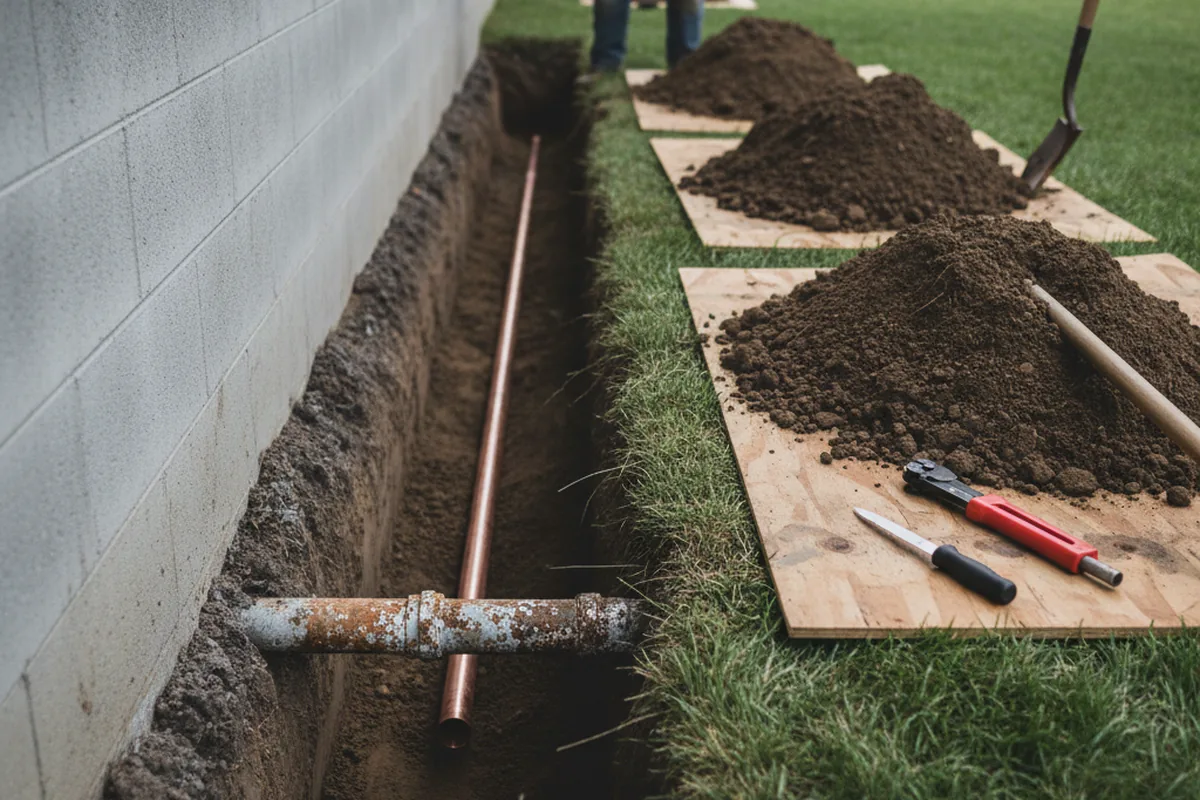 Excavated water line trench during Water Heater Repair in Remington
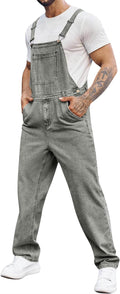 Men's Denim Bib Overall Jumpsuit - Slim Fit Workwear Romper
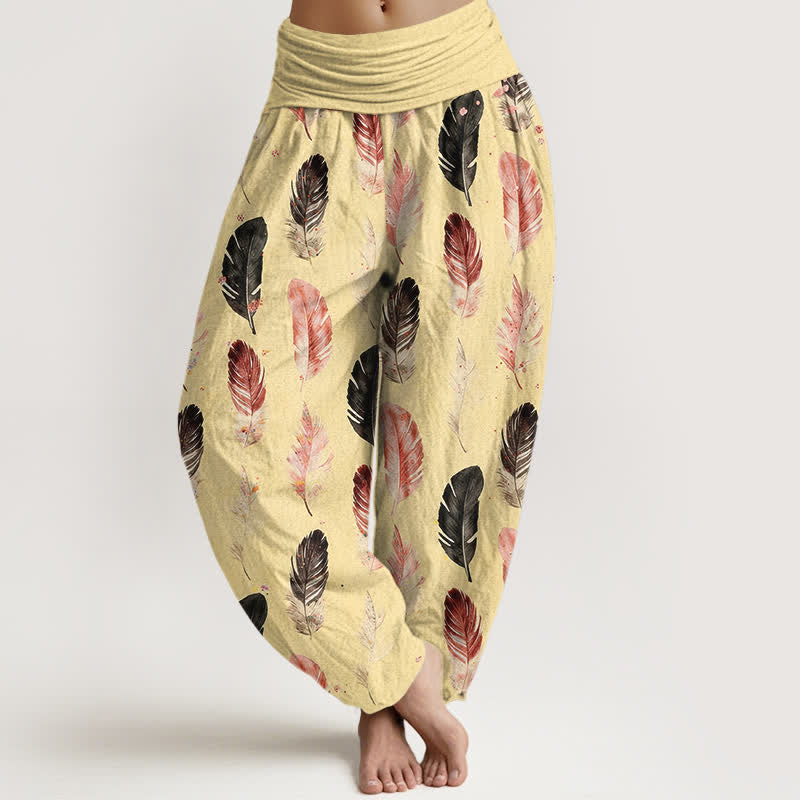 Buddha Stones Pantalon harem pour femme en pur coton à motif plumes et taille élastique - soie de maïs - US16，UK/AU20，EU48 (3XL) - image 5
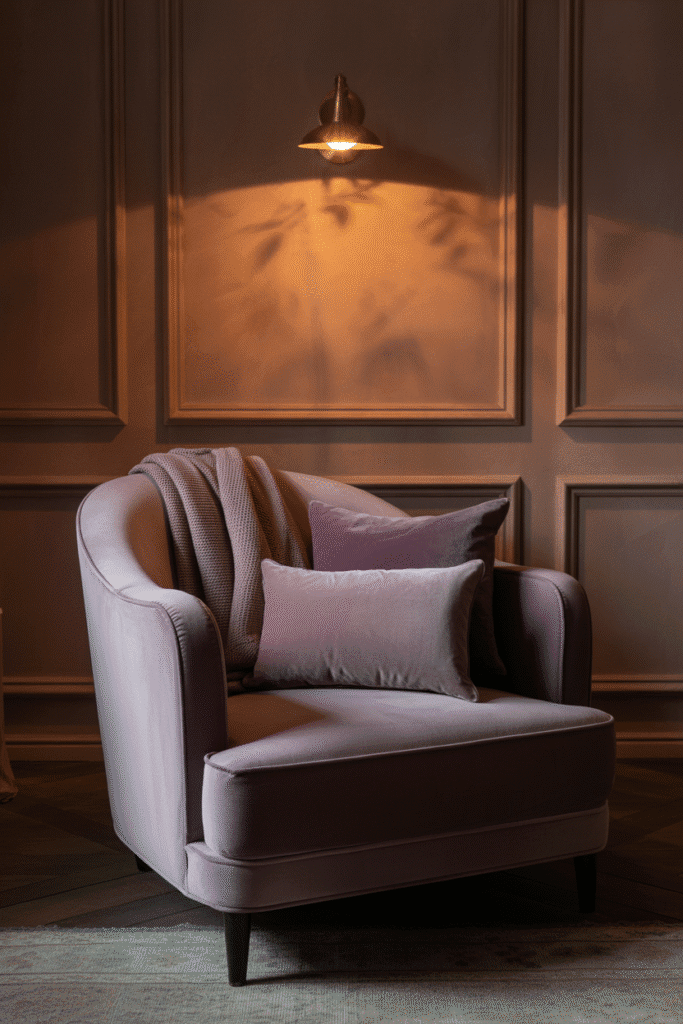 Elegant bedroom in muted plum tones with soft textures and warm accents.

★ ★ ★ ★

**Work order:**
Would you repeat each line of the listing exactly, skipping any picture?

**Exercise answer:**
 Excavated water line trench during Water Heater Repair in Remington
 Men's Denim Bib Overall Jumpsuit - Slim Fit Workwear Romper
 Buddha Stones Pantalon harem pour femme en pur coton à motif plumes et taille élastique - soie de maïs - US16，UK/AU20，EU48 (3XL) - image 5
 Elegant bedroom in muted plum tones with soft textures and warm accents.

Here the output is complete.